Monday, December 10, 2012

Ancients had Lasers!










The people of antiquity had lasers. More correctly, I should say they had a spice called 'laser', also known as silphium. It was a large stalked plant with flowers on the end. Ancient sources described it as being worth its weight in silver at the time. According to Pliny the Elder (Plin. Nat. 19.15), the best varieties were found in Cyrene (pretty much next to the modern site of Benghazi, Libya where the embassy was attacked). Sadly, it seems to have been harvested to extinction, but many related plants exist today.










Bacchantes, the followers of the Dionysus cults, used the stalk of this plant capped with a pinecone to make the thyrus. These thyrus staves were almost always depicted in fresco and mosaics of the Bacchantes. This leads me to wonder about possible medicinal or psychoactive properties of the plant's resin. After all, the Maenads were described as wild women by Euripides, tearing apart Pentheus in a frenzy.




















Related botanical studies of plants similar in appearance to laser show that it might have had a contraceptive effect. In ancient times, maybe this property was noted and adopted by the cult. What if the Dionysus cults were the practical religions of brothel workers? If it had this use and was also a drug, was its extinction just a matter of commerce? Maybe it intentionally destroyed by an emperor who was either angered by the cult or maybe took an interest in the morality of the populace like Augustus Caesar? Strabo said that barbarians were to blame, '...bordering upon Cyrenaica is the district which produces silphium, and the juice called Cyrenaic, which the silphium discharges from incisions made in it. The plant was once nearly lost, in consequence of a spiteful incursion of barbarians, who attempted to destroy all the roots. The inhabitants of this district are nomads.'




















In the photo above from my sailing trip last month, I found something which looks like the laser of antiquity growing on a hill near the ruins of an old French fort.
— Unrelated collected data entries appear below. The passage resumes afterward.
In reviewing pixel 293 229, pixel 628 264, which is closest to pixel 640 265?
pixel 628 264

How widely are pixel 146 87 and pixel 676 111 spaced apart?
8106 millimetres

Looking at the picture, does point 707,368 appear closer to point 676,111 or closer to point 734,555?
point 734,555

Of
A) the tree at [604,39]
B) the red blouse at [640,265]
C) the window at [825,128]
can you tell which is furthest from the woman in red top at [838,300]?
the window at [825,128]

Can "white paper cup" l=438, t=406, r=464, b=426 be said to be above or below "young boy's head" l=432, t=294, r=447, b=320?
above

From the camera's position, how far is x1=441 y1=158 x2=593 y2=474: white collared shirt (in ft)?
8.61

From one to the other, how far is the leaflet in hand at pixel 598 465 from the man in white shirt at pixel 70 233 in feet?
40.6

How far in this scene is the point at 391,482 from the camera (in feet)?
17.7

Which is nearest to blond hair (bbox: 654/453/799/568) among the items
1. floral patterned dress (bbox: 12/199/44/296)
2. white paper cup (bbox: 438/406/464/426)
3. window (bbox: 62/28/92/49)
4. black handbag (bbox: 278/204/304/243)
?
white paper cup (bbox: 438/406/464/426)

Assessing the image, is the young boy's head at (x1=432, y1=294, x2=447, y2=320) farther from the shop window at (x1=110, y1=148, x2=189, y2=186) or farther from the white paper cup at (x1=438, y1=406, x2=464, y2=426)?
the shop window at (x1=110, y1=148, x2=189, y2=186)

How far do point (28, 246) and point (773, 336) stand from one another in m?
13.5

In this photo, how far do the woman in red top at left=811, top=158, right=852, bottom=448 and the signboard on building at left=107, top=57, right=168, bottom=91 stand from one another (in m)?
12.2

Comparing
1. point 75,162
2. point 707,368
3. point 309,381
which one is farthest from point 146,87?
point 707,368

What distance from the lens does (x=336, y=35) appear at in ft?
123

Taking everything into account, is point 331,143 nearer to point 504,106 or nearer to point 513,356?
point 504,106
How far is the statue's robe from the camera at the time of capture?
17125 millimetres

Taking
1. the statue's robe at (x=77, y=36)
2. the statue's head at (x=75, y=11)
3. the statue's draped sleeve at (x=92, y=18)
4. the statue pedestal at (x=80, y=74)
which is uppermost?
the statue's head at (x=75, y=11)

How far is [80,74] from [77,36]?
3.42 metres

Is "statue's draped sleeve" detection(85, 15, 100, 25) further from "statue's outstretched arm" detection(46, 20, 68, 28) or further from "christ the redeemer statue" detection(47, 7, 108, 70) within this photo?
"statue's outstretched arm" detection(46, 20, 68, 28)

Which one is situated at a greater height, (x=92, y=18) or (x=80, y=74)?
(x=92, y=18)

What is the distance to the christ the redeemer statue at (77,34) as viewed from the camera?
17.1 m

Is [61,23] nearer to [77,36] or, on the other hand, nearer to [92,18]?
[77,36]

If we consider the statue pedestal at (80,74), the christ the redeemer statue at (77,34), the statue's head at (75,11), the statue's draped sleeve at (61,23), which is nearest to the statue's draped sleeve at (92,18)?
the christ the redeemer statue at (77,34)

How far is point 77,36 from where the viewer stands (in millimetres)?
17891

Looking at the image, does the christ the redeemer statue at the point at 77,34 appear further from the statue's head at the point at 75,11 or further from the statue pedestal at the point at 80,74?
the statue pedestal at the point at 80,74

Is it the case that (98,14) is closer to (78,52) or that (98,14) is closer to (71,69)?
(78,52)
Just as one of Napoleon's soldiers rediscovered the location of the imperial porphyry quarry, what if another had identified and replanted an actual silphium seedling a few hundred years ago? It might only be a giant fennel plant, but then again, maybe not. I would be interested in attempting to sequence the DNA of seeds found in an ancient amphora if they resembled fennel. Maybe this can happen in my lifetime.